The invention concerns the measurement of the primary voltage of an ignition coil after a path for current in the primary winding of the coil has been interrupted to generate an ignition pulse for an internal combustion engine.

The interruption of an exciting current in the ignition coil creates a voltage rise that is magnified by the secondary winding for production of an ignition spark in the engine. Although the primary voltage wave subsides and trails off soon, the secondary circuit of the ignition coil keeps the spark action continuing for an interval that, in a particular case, depends upon the magnitude of the primary voltage wave. Circuits have accordingly become known for measuring the primary voltage of ignition coils in motor vehicles. These known circuits require transistors and zener diodes for measuring the spark duration interval. At the output of such known circuits a digital signal is usually prepared that designates the spark discharge duration. The necessary transistors and zener diodes are unsuitable for use in so-called hybrid circuits, since these components involve relatively high manufacturing expense. Hybrid circuits, which contain at least one intergrated circuit (IC) unit, but also contain some discrete components operating under conditions unsuitable for most ICs, are well suited for the automotive environment where some components need to function under the latter type of conditions.

SUMMARY OF THE INVENTION

It is an object of the present invention to provide not only a measurement of spark discharge duration, but also a more direct measurement of primary voltage by means of a circuit that does not require zener diodes or discrete transistor and, therefore, can be economically manufactured.
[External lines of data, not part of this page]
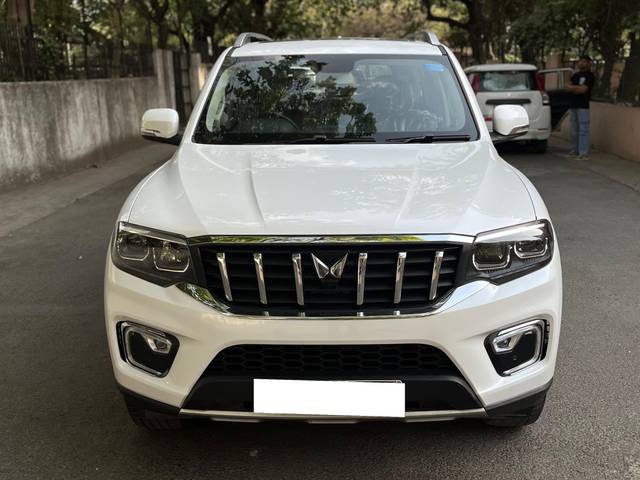 https://images10.gaadi.com/usedcar_image/3984042/original/processed_fc1d61751b36affab097333470abf87c.jpg?imwidth=6400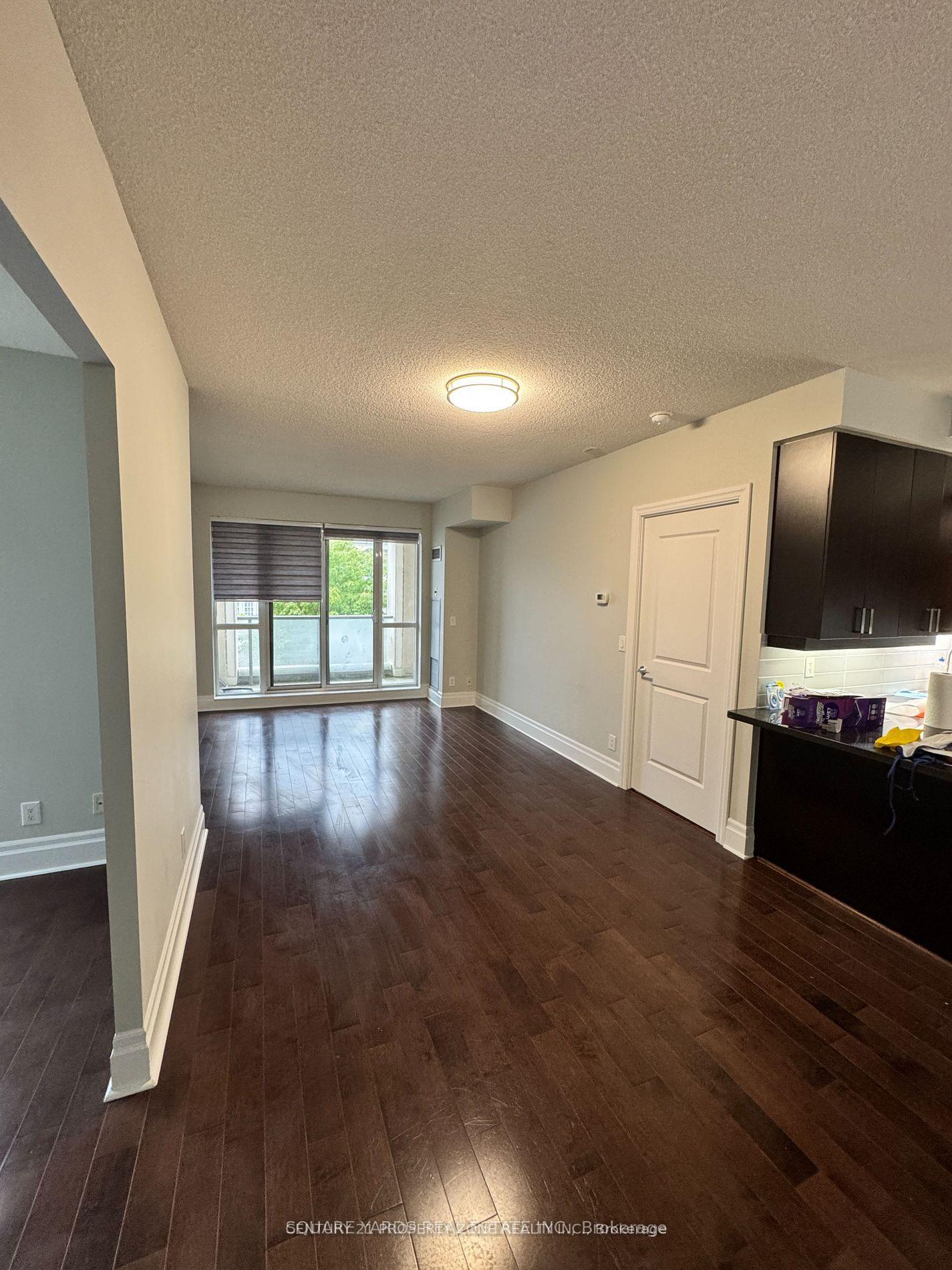 Photo 6 of Unit 217, 39 Upper Duke Crescent, Markham, Unionville — HOMEH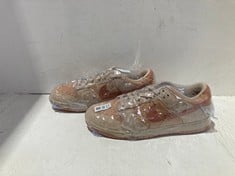 Lot 395  
            BIRMINGHAM SR111 - PARCEL DELIVERY ONLY 
                
NIKE TRAINERS BROWN UK 9.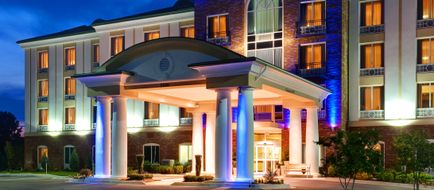 Holiday Inn Express Millington Exterior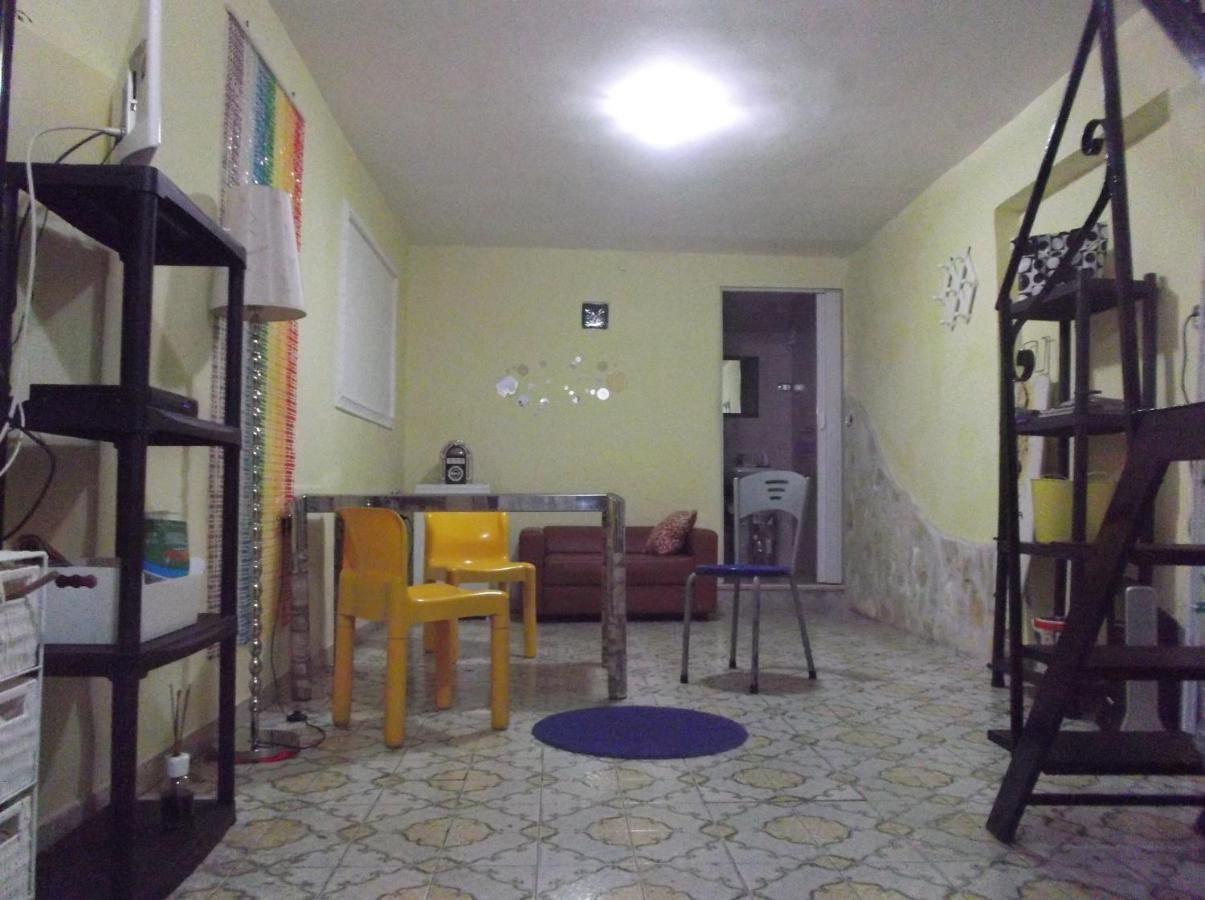 Monolocale Fronte Strada Napoli Centro Storico Villa Kültér fotó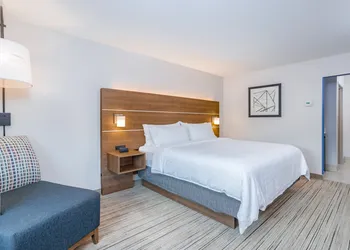 Holiday Inn Express & Suites Elkhart North by IHG hotel thumbnail 8
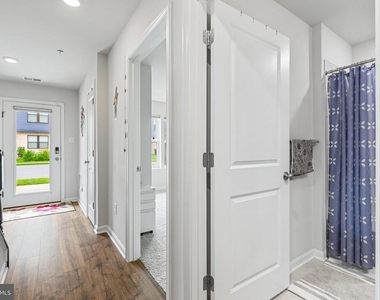 423 Carroll Walk Avenue - Photo Thumbnail 6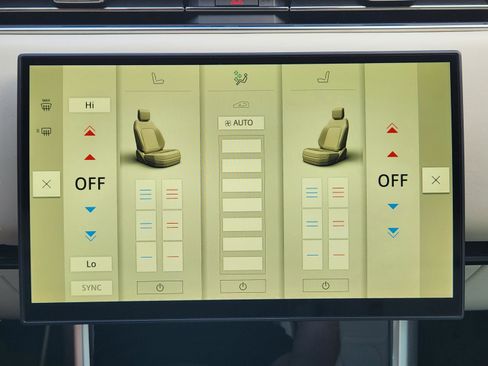 New 2026 Land Rover Range Rover Long Wheelbase SE image 18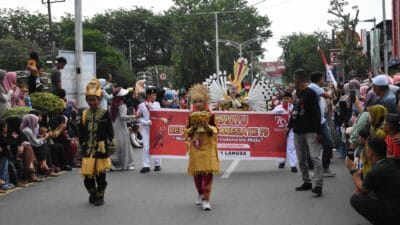 Ribuan Pelajar Kota Langsa Meriahkan Pawai Alegoris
Briefly, the primary voltage is supplied through a protective diode, in its direction of easy conduction, to a voltage divider from the tap of which a connection is made through an input resistance to one input of a differential amplifier, to the other input of which a reference voltage is supplied for producing in the differential amplifier operating as a switching comparator with hysteresis, a signal from which the spark discharge duration can be determined, while the voltage appearing at the tap of the voltage divider is supplied directly to an analog evaluation circuit to provide a measurement of the primary voltage. Preferably the voltage thus directly connected to the analog evaluation circuit is modified by the averaging effect of a capacitor in parallel with the grounded resistor of the voltage divider.

The circuit apparatus of the invention has the advantage that the spark discharge duration can be digitally evaluated, while at the same time here is an opportunity to measure the primary voltage in analog fashion on two different scales. When a motor vehicle is equipped with so-called quiescent ignition voltage distribution and therefore has two or more ignition coils, all of the ignition coils can be monitored with the same circuit apparatus of the invention for their respective primary voltages. For this purpose, at the input of the circuit of the invention, a number of input diodes operating in their direction of conduction can be used, with the effect of an input OR gate through which the respective primary waves of the respective ignition coils can sequentially enter the circuit apparatus of the invention.

The analog primary voltage is thus first reduced by a fixed factor and then the resulting reduced primary voltage is evaluated both in an analog and in a digital fashion. It is thus possible to provide an analog ignition voltage determination as well as a digital spark dicharge duration determination.

No discrete transistors and zener diodes are necessary, so that circuit apparatus implementation in so-called hybrid technology is readily and economically obtainable.

In order to avoid errors or distortions as a result of voltage peaks or spikes, an averaging capacitor is connected from the voltage divider tap to the low voltage end of the voltage divider, i.e. to so-called chassis ground. By means of a protective clamp circuit, moreover, following intergrated circuit unit inputs can be protected against overvoltage. The evaluation circuits respectively connected to the voltage divider tap and to the output of the differential amplifier of the circuit apparatus of the invention would expectably be incorporated in the microcomputer of an existing or future type of motor control equipment, and there connected for participation in monitoring and/or control functions of the motor control equipment.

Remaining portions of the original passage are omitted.